- **Exercise description**
In the records below, the lines between the one holding "SIZE 6. Columbia" and the one holding "NEW Cherished Teddies", inclusive, are to be transcribed exactly; no pictures are to be included.
+++ Dataset entries
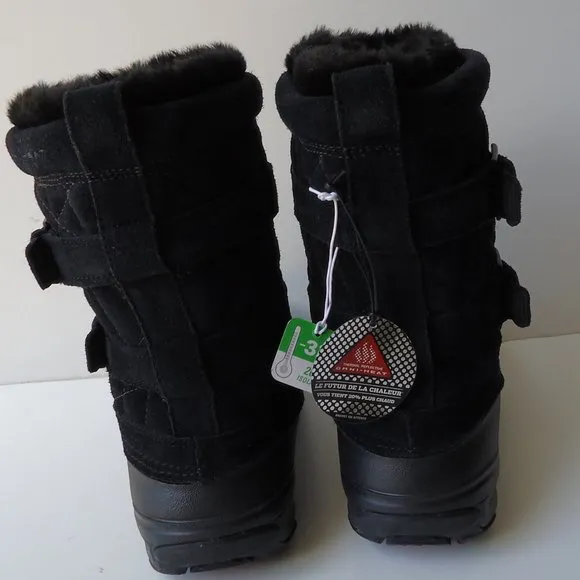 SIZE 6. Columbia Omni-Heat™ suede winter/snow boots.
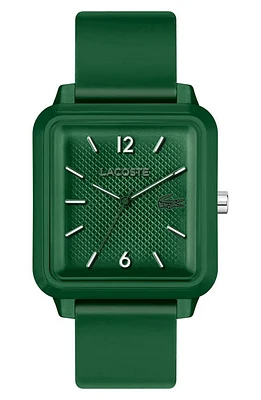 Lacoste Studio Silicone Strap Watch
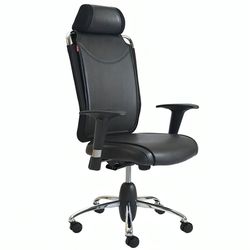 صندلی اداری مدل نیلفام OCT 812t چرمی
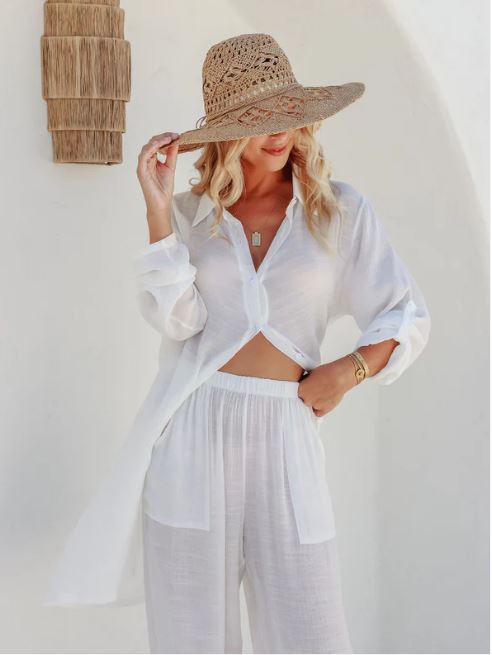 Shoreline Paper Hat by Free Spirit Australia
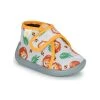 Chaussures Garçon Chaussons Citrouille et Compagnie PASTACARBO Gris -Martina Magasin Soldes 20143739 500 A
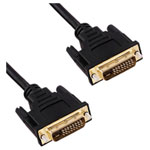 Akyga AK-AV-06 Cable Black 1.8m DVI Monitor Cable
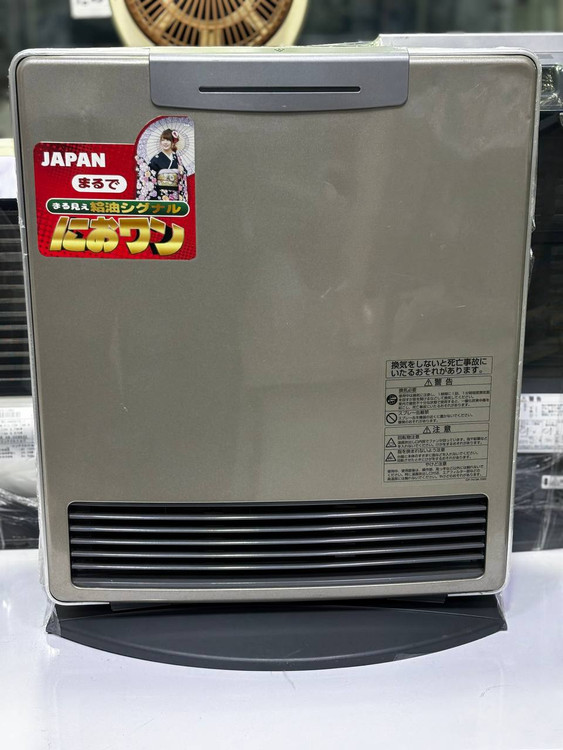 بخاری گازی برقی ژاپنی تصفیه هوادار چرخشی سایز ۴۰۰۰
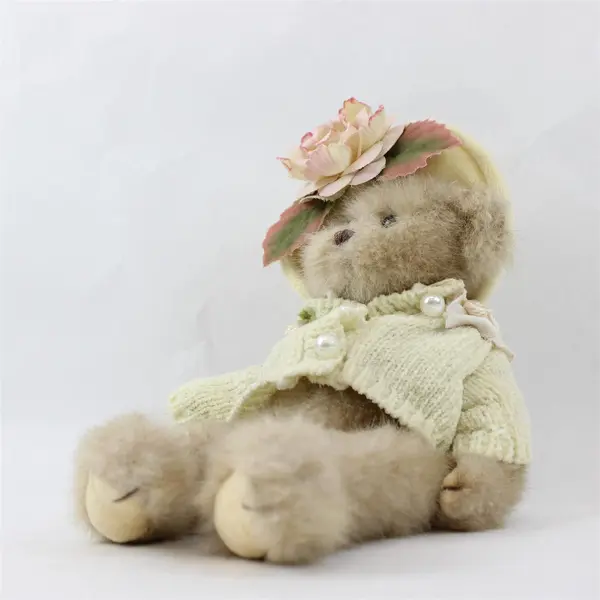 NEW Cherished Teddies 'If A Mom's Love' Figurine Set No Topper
++++++
+++ Dataset entries
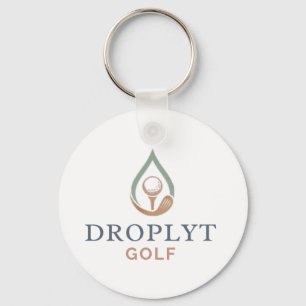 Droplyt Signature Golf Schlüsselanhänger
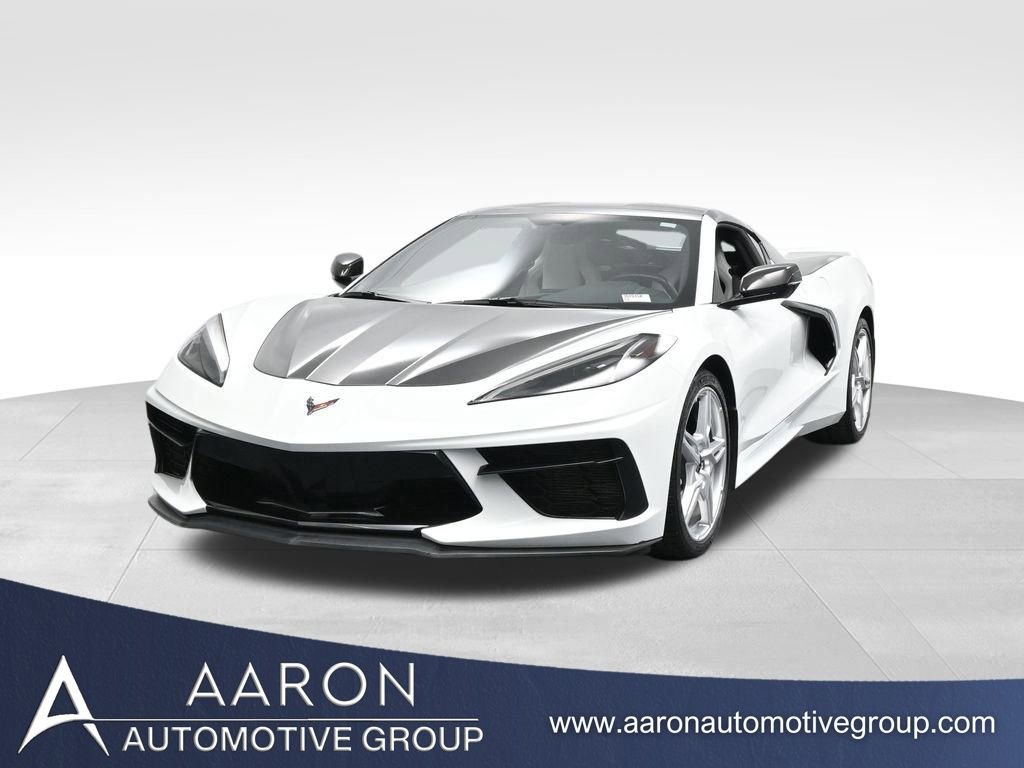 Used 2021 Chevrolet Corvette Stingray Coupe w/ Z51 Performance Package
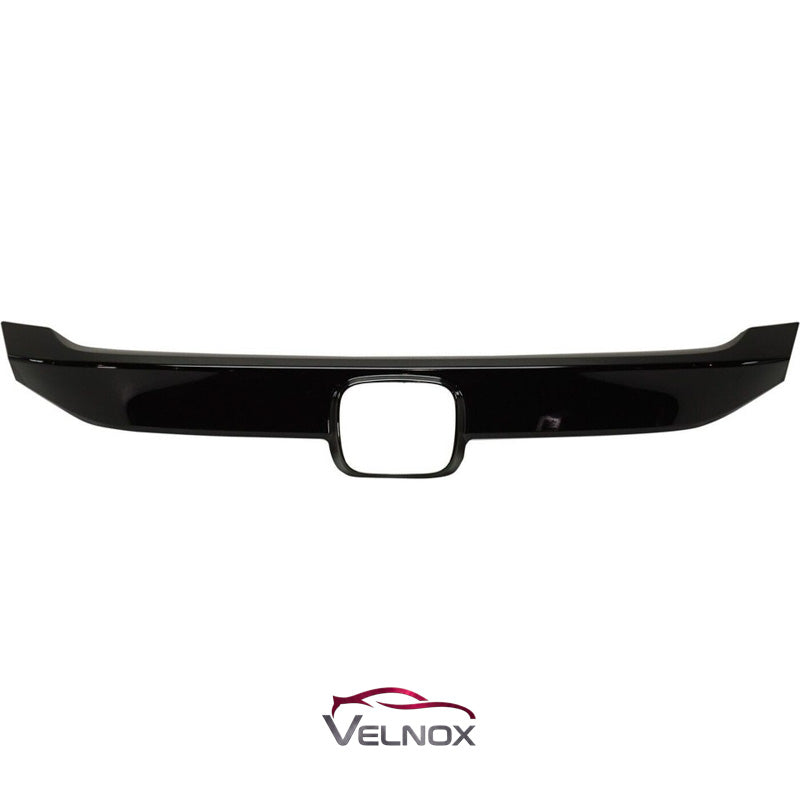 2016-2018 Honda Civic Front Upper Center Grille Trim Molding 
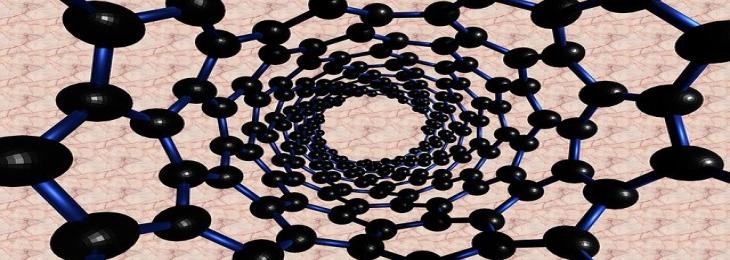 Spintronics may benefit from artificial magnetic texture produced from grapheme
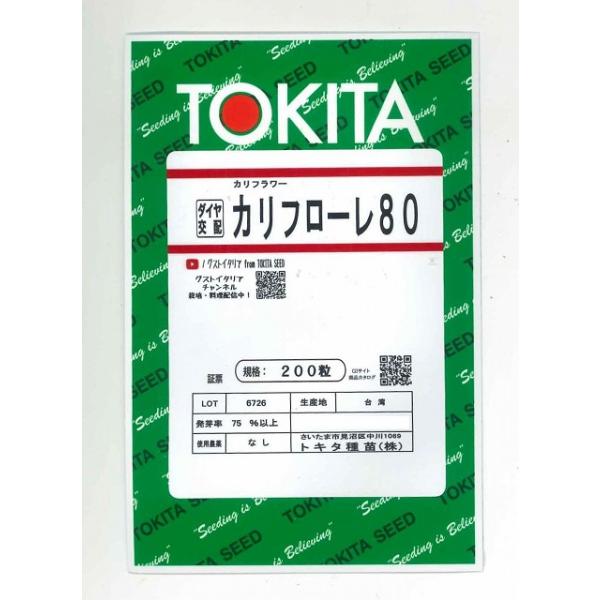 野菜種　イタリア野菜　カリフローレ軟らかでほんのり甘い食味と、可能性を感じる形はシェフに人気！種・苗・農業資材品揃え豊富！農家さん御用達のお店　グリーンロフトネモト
++++++
- **Solution below**
 SIZE 6. Columbia Omni-Heat™ suede winter/snow boots.
 Lacoste Studio Silicone Strap Watch
 صندلی اداری مدل نیلفام OCT 812t چرمی
 Shoreline Paper Hat by Free Spirit Australia
 Chaussures Garçon Chaussons Citrouille et Compagnie PASTACARBO Gris -Martina Magasin Soldes 20143739 500 A
 Akyga AK-AV-06 Cable Black 1.8m DVI Monitor Cable
 بخاری گازی برقی ژاپنی تصفیه هوادار چرخشی سایز ۴۰۰۰
 NEW Cherished Teddies 'If A Mom's Love' Figurine Set No Topper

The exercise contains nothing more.